▸ AVAILABLE DATA
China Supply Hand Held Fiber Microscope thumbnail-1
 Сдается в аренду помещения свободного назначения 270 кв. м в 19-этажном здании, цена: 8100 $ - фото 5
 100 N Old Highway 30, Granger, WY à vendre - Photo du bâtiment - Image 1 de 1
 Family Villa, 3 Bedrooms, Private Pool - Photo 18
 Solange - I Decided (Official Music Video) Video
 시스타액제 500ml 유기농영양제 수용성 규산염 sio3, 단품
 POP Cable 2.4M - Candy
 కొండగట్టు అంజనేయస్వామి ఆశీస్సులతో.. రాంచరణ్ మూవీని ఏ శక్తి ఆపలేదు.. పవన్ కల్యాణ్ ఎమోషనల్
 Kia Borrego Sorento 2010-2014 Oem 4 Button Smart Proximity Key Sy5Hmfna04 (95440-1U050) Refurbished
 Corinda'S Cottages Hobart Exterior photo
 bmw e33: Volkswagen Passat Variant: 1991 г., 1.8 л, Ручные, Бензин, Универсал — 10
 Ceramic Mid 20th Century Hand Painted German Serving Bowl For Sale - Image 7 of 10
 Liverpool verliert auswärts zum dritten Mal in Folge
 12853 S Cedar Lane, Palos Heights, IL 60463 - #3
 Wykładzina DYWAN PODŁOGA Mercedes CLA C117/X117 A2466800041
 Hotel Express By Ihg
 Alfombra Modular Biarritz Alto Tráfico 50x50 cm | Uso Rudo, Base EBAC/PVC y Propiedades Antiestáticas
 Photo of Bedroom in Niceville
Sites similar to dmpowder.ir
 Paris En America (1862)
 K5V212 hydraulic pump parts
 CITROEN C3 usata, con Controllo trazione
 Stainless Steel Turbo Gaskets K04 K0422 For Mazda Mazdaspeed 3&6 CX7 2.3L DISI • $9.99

▸ WORK ITEM
Give exactly the lines from the one with "Alfombra Modular Biarritz" to the end of the entries, nothing before them.

▸ ANSWER FOR THIS EXERCISE
 Alfombra Modular Biarritz Alto Tráfico 50x50 cm | Uso Rudo, Base EBAC/PVC y Propiedades Antiestáticas
 Photo of Bedroom in Niceville
Sites similar to dmpowder.ir
 Paris En America (1862)
 K5V212 hydraulic pump parts
 CITROEN C3 usata, con Controllo trazione
 Stainless Steel Turbo Gaskets K04 K0422 For Mazda Mazdaspeed 3&6 CX7 2.3L DISI • $9.99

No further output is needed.